多様な文化の理解を通して、多文化共生社会の構築を目指す

認知心理学の領域で実験という手法を用いて、研究を進めるのと同時に、臨床心理学の実践活動として日本人学生だけでなく、留学生を対象とした学生相談に関わっています。大学院生時代には、学生サポーターとして留学生の国際寮に住み、生活支援を行ってきました。

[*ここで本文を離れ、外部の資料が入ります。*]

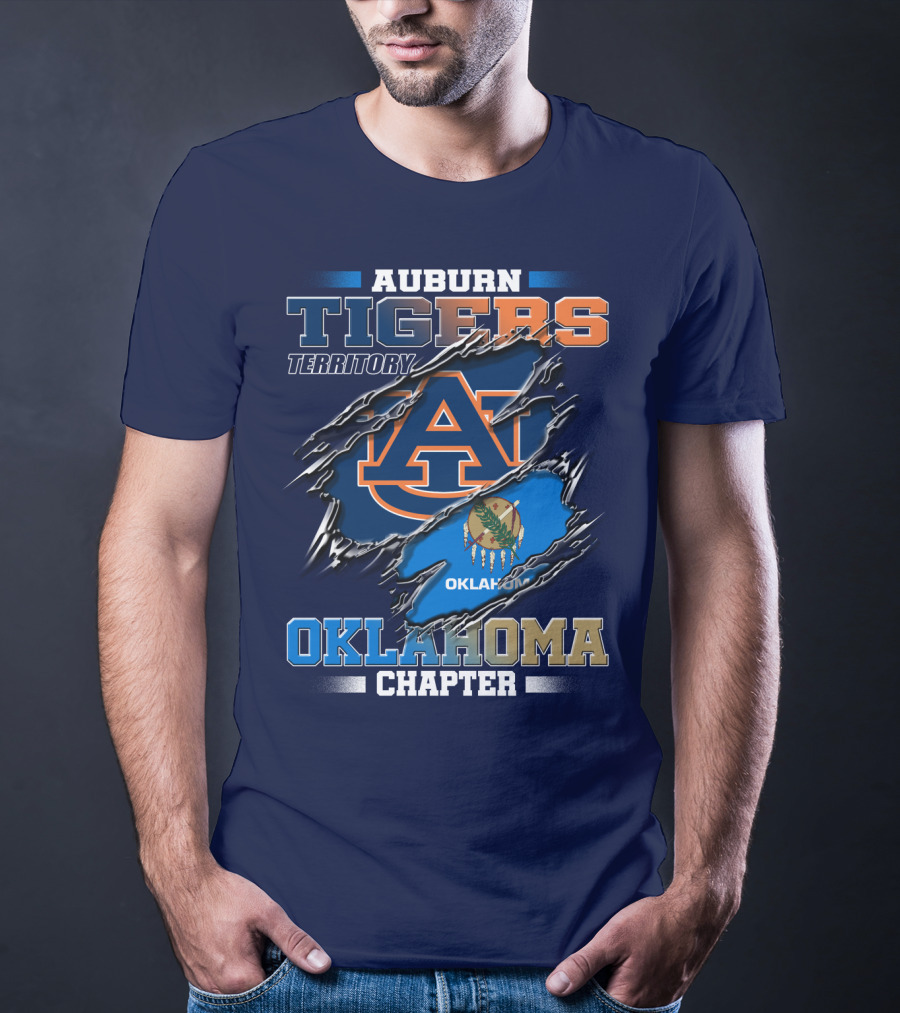 Auburn Tigers Territory Oklahoma Chapter T-Shirt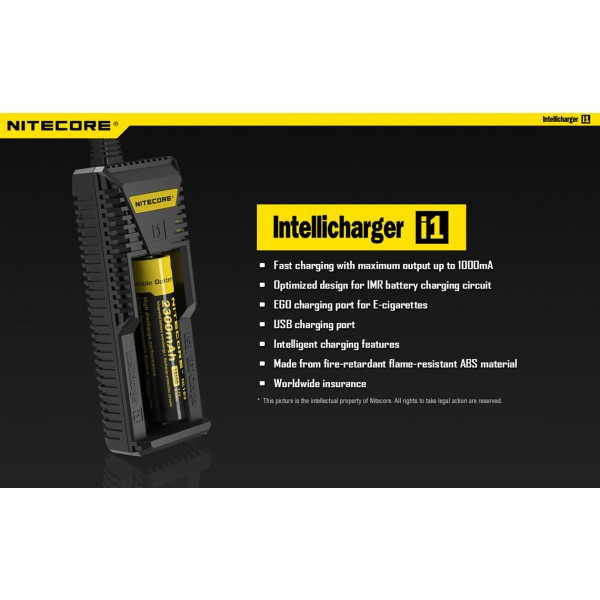 Nitecore i1 (Încărcător Țigări Electronice)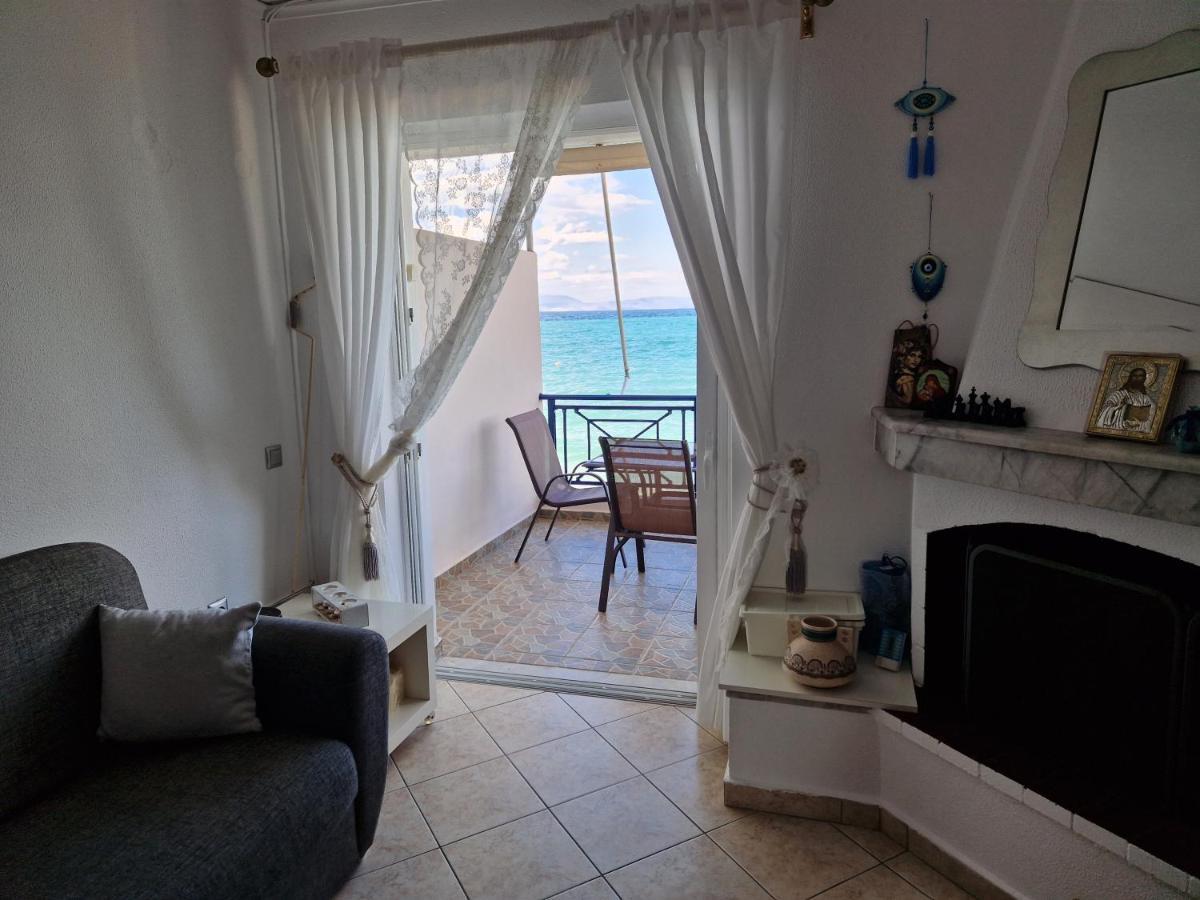 Appartamento Korinthian Sea View Nerántza Esterno foto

大学生は、発達的視点からみると、どんな人間になりたいか、将来どんな仕事に就きたいのか、アイデンティティの確立のために模索を続ける時期といえます。友人関係、学校生活、将来のこと、家族関係などが絡み合い、不安定な状態になることもあります。さらに留学生の場合は、言語の違い、生活習慣の違いなどから、ストレスが高くなることも少なくありません。様々な文化的背景を持つ留学生に対する心理支援の場合、現実問題の解決や環境調整を行なうことで、心理的ストレスの緩和につながることもあります。今後は、日本の大学でも留学生の増加が見込まれます。大学だけでなく、社会全体が多様な文化を認める社会の構築を目指したいと思います。